Dr Nelson cites research to illustrate the direct co-relation between employee motivation and loyalty. “The number one factor of how long some one will stay at given organisation is directly related to the relationship he or she has with his immediate supervisor.”
A graduate in communication studies, Dr Nelson became a celebrity of sorts with his first book, Job Hunt, written when he was 25 years old. Since then, his books have been on best-seller lists with 1,001 Ways finding acceptance the world over. He followed it up with 1001 Ways to Energize Employees, 1001 Ways to Take Initiative at Work, and The 1001 Rewards Recognition Field Book.
Easy with words and at ease in person, Dr Nelson was in Dubai for a management workshop hosted by Right Selection.
Excerpts from an interview:
Whose side are you on — the employers’ or employees’?
(Laughs) I like to think that I represent the interests of both sides, though, normally, my workshops are attended by managers, owners and CEOs. I help them understand how they can better motivate the employees to perform at a higher level and stay with the organisation longer. Ultimately, it helps the employer earn the reputation as one that can attract and nurture talent.
You ask employers to give more incentives, rewards, money to employees. Doesn’t it annoy them?
There are many misconceptions in this topic. The big one is thinking that employee motivation is obviously money.
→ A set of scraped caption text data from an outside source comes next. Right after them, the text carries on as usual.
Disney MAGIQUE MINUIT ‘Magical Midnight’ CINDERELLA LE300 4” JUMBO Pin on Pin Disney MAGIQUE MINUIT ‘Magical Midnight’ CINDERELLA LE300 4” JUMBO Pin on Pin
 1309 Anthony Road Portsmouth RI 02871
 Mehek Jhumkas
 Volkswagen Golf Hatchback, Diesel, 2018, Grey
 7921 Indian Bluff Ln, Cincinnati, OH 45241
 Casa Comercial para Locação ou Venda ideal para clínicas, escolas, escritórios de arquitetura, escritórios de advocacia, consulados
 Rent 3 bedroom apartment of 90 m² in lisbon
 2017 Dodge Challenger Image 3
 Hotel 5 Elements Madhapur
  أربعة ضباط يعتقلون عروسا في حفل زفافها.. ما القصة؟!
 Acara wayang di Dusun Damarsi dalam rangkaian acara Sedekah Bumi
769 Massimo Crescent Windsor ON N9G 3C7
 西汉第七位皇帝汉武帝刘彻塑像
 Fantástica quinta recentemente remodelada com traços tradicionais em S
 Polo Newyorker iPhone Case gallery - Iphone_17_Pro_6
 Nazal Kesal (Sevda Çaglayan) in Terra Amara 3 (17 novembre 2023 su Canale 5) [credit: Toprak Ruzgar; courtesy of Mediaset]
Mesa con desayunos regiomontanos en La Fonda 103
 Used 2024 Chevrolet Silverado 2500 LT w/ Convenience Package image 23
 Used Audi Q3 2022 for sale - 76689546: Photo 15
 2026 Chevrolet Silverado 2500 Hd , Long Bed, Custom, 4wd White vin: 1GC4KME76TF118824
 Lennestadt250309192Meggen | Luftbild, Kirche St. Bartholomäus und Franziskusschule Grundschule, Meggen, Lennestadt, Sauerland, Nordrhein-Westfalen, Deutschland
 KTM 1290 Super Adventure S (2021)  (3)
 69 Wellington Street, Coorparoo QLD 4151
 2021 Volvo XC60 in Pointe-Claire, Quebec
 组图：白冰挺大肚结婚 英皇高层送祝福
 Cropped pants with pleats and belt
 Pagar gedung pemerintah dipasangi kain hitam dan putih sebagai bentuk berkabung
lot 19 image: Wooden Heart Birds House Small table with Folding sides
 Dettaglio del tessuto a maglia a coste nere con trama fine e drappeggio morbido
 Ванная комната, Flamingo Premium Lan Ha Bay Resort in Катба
What I have found from my research is that while money is important, what is quite crucial is how the employees are treated on a daily basis, how they are made to fulfil their role in the business, how they are involved in decision making, and how they are supported when they make a mistake.
Bill Gates once observed that you can tell a lot about the long term viability of any organisation by looking at the way they handle mistakes. If you reprimand and embarrass some one in public, he or she might not repeat it but what the organisation loses in terms of the employee’s loss of self-esteem, their willingness to take risks and the use of better judgment can never be got back.
Is convincing employers that motivation is not just about money the most difficult part of your job?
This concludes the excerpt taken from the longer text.